PAST: SET GLOBAL thread_pool_max_threads = zero_to_thousand
NOW: SET GLOBAL thread_pool_max_threads = hundred_to_thousand

zero_to_thousand:
        0 | 1 | 2 | 10 | 100 | 150 | 200 | 250 | 300 | 400 | 500 | 600 | 650 | 700 | 800 | 900 | 999 | 1000 ;

hundred_to_thousand:
        100 | 150 | 200 | 250 | 300 | 400 | 500 | 600 | 650 | 700 | 800 | 900 | 999 | 1000 ;

If the issue is seen again, it's different (i.e. 100 should be plenty, with a maximum of --threads=25 in RQG)
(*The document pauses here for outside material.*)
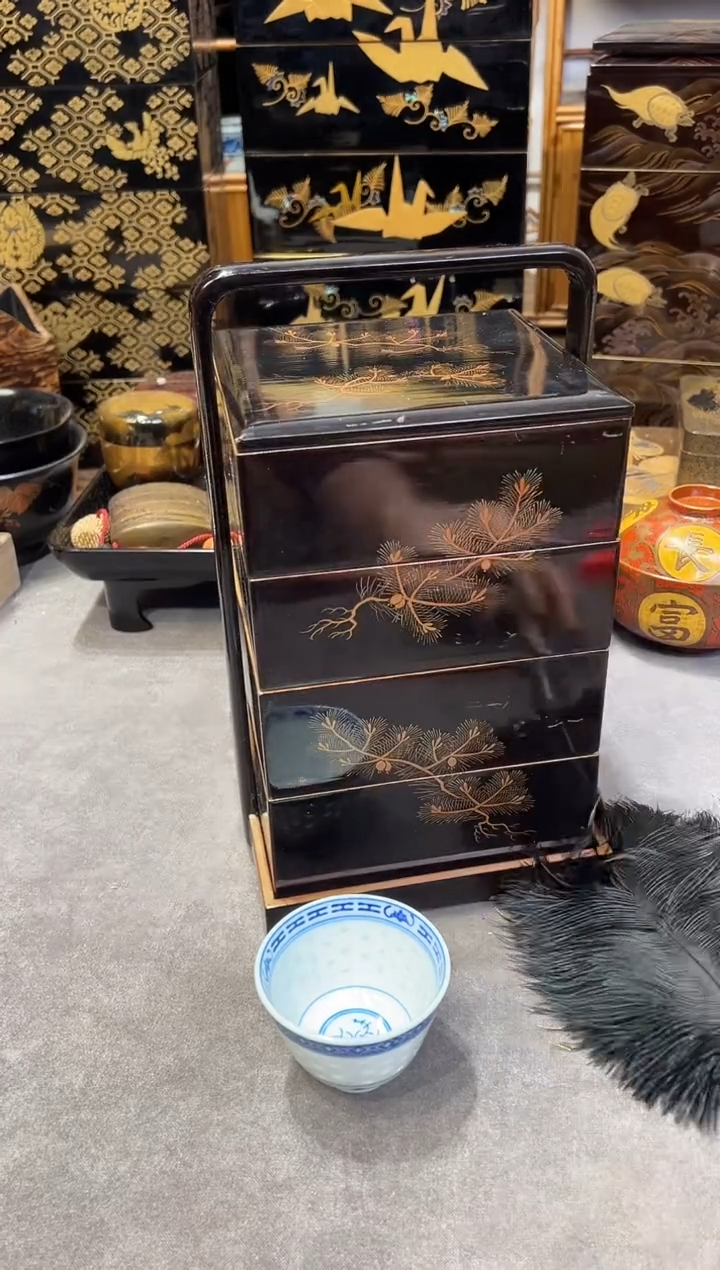 沈金雕刻 提梁食盒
However, even if this be the cause, the problem is that mysqld just completely freezes/locks up and there is nothing one can do with it. The only and last message shown is "Threadpool has been blocked for 30 seconds" and then it just sits there (with the one possible exception of shutdown working correctly as per the log above, but this would need re-verification).

If this is the way that threadpool locks up the server, then maybe the error message should be repeated regularly at the very least, so it's more clear what is happening), or maybe another timeout of some sort would be an idea?

There is another oddity: as per chats with Laurynas, when a 'thread apply all bt' is executed in gdb against a server hanging like this, only a single thread is shown. Here is also an important question: is the server still actually doing something, or not? (I.e. are the "other" live threads still live?). Can development team have a look into adding an MTR testcase for this? Should be relatively easy with a low thread_pool_max_threads setting + a larger set of executing threads matched with DEBUG_SYNC if so required.

As the last question, if it's true, would be a critical one (i.e. server not processing anything in the locked up state), I will mark this bug as critical and 56qual until we can prove otherwise.